Trigg describes seeing six men to a room, 20 in total, in a facility the size of a suburban home – albeit one surrounded by 14 foot steel fences.

“They are in appalling conditions with nothing to do, absolutely nothing to do except to watch the television. And some of them are mentally ill in my view, or certainly deeply disturbed.”

Doctors and advocates have recorded multiple instances of chronic self harm and suicide attempts in the facilities where New Zealanders await deportation.

Conditions at Maribyrnong, where researchers at Monash University believe another unidentified New Zealander was found dead in March, 2017, are notoriously severe.

“Maribyrnong detention centre is known for its brutality and for its complete hostility towards detainees,” says Filipa Payne, New Zealand-based founder of advocacy group Iwi n Aus.

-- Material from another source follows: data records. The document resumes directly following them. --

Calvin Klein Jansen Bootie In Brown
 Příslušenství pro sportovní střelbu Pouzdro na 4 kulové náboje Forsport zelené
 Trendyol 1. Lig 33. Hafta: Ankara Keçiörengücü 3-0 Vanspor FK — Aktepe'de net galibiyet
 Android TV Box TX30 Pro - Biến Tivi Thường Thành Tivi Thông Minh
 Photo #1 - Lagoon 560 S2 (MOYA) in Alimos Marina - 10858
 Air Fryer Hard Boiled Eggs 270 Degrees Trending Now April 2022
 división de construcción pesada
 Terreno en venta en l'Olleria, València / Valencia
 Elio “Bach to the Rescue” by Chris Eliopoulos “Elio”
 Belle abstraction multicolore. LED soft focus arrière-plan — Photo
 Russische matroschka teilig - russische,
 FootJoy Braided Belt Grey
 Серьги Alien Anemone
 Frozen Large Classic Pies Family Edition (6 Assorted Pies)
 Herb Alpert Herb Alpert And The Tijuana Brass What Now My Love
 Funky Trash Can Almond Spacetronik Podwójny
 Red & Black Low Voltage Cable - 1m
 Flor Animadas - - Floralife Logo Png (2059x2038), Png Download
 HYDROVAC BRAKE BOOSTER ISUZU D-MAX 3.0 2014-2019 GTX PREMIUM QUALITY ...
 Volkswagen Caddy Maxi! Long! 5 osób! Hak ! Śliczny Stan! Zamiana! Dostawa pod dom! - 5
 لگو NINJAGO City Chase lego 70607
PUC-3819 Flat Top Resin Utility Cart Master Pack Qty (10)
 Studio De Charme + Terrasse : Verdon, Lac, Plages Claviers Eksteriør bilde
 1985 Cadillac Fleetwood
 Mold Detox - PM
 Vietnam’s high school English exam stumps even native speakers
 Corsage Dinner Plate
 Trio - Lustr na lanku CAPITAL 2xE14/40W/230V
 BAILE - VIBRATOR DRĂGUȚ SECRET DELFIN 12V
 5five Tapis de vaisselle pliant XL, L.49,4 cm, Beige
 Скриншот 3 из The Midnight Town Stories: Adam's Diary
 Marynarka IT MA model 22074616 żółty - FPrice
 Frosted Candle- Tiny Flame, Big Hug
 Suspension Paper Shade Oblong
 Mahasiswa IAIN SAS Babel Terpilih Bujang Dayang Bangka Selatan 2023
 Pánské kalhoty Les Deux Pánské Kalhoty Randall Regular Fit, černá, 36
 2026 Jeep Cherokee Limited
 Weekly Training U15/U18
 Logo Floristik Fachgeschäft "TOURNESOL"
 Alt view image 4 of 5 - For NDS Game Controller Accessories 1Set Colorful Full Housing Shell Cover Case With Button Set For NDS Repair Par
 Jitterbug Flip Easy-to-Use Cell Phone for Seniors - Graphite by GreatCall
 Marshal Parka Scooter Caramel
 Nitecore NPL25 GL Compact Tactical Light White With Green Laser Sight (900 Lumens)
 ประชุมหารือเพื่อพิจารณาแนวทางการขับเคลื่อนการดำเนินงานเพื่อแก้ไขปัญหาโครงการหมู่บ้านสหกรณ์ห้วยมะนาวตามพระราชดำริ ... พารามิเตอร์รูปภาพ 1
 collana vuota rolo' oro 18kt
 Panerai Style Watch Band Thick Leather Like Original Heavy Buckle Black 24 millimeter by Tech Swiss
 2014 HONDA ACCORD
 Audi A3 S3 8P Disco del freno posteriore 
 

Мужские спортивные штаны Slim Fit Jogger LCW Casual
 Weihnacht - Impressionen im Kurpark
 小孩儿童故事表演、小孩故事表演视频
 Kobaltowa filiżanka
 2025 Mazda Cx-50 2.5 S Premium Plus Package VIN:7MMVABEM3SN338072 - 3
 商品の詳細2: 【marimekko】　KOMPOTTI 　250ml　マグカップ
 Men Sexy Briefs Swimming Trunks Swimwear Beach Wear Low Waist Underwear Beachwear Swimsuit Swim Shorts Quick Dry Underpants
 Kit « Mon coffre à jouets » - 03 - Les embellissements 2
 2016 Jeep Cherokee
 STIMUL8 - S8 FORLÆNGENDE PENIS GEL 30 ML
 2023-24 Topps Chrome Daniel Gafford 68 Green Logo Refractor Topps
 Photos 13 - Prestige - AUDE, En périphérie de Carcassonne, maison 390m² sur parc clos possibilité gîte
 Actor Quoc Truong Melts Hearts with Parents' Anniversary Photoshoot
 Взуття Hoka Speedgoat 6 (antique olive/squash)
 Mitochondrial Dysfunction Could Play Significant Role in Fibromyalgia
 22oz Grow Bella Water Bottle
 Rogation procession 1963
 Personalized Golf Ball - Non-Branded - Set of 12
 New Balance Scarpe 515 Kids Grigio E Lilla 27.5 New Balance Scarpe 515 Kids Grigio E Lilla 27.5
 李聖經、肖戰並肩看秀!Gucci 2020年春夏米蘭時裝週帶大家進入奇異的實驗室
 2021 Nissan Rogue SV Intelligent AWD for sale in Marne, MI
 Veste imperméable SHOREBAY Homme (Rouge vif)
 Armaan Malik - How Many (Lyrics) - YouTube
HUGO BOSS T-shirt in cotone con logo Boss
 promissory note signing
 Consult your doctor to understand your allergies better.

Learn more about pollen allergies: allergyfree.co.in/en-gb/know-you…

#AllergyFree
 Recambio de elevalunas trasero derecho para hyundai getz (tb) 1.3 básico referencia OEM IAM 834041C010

“While I was there I visited people that I had met before in other detention centres, and I can tell you that every single person that I saw in Melbourne, their mental health was deteriorating rapidly.”

In another case in Western Australia, a 17-year-old New Zealand citizen was held in the notorious Intensive Support Unit at youth facility Banksia Hill for more than 300 days after a riot squad shut down a ‘disturbance’. Advocates say the boy, who remains at the facility, began to self harm, and has asked his family to stop visiting due to embarrassment. His mum describes him as defeated. He will be deported upon release, despite having moved to Australia when he was 10.

New Zealand citizen Robert Peihopa. Image: Facebook.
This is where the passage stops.